No. Here's the dime tour version.

We don't know exactly what it will be like, but we do know, as you pointed out, that there will be no sin in heaven but that we won't be robotic beings. The difference is that we will have a different nature. Something about having fallen and then being restored to glory is going to be different than the state Adam was in having never known evil and yet excersising his free will.

Exactly what defenses will make this possible we know not, but we know that one way or another the work of Christ to sanctify his people will be brought to completion and that they will never more fall away from him.

Your speculation is based on an incorrect understanding of the nature of man and sin in the first place:

My only idea is that since the Devil will be chained for eternity, there will be nothing to tempt us [...].

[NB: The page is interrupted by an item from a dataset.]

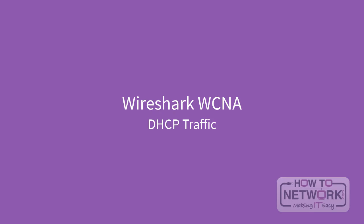Welcome to the lesson. We are going to look at DHCP, Dynamic Host Configuration Protocol.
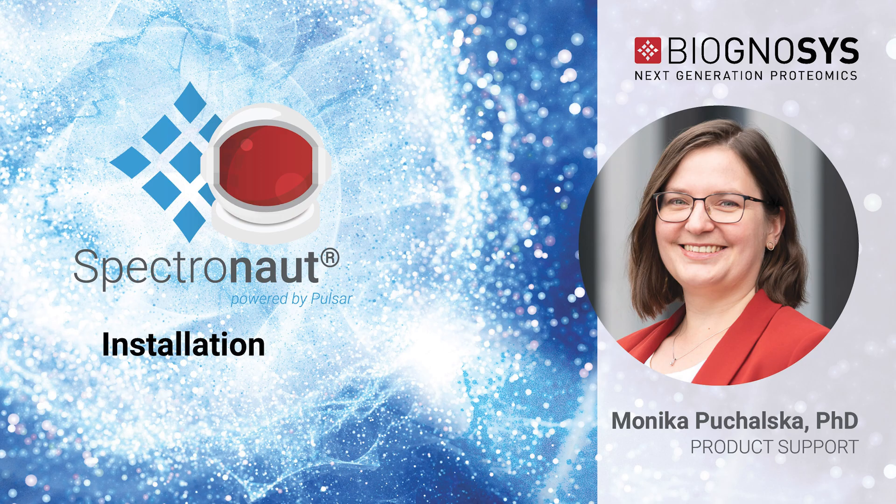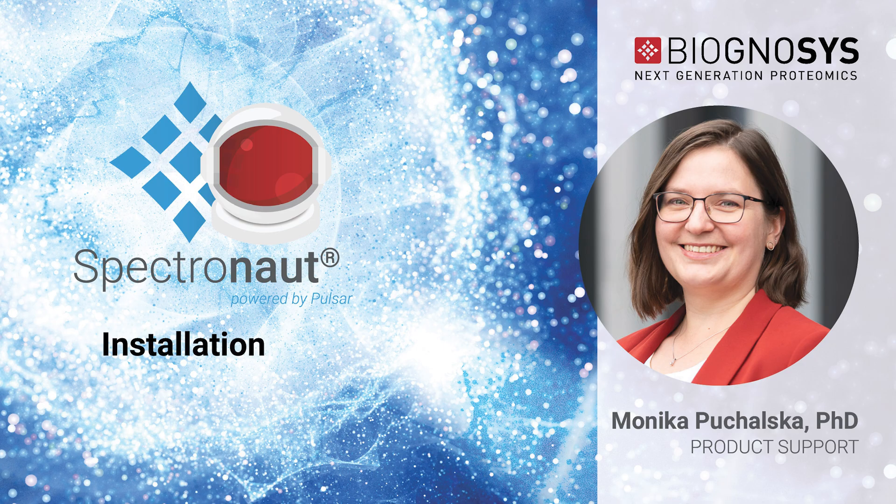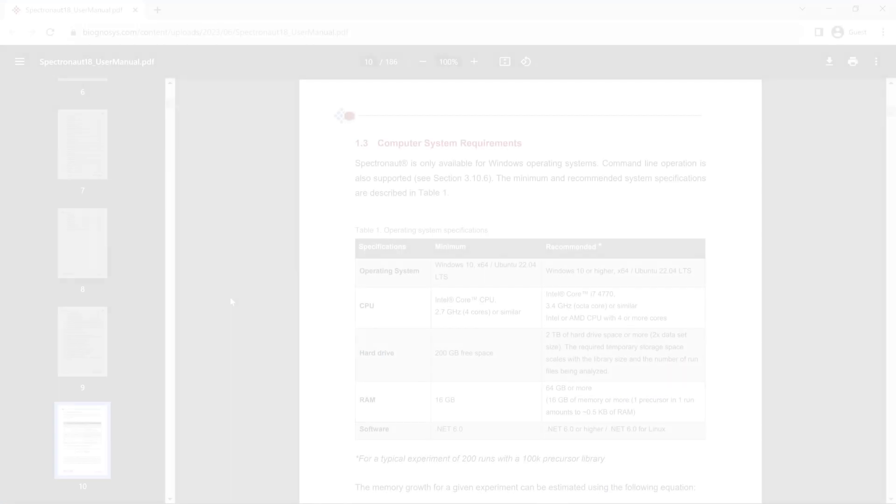Let's install Spectronaut. In this video, we will walk through Spectronaut installation in a Windows environment.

Christianity's understanding of sin is not based on outside forces tempting us, but on an imperfect nature that cannot help but sin. Adam could not have helped but eventually sinning, snake or no snake. Free will is not so free as many people believe: we are bound to act according to our nature. We are not "free" to act according to a nature that we don't have. We aren't "free" to teleport just because we would will it. We are not "free" to not sin because it is part of our nature to do so.

The difference in heaven is that our natures will be regenerated into something completely different than they are now and we will be free -- but only to act according to our regenerated natures. Which won't be dragging sin into the presence of God.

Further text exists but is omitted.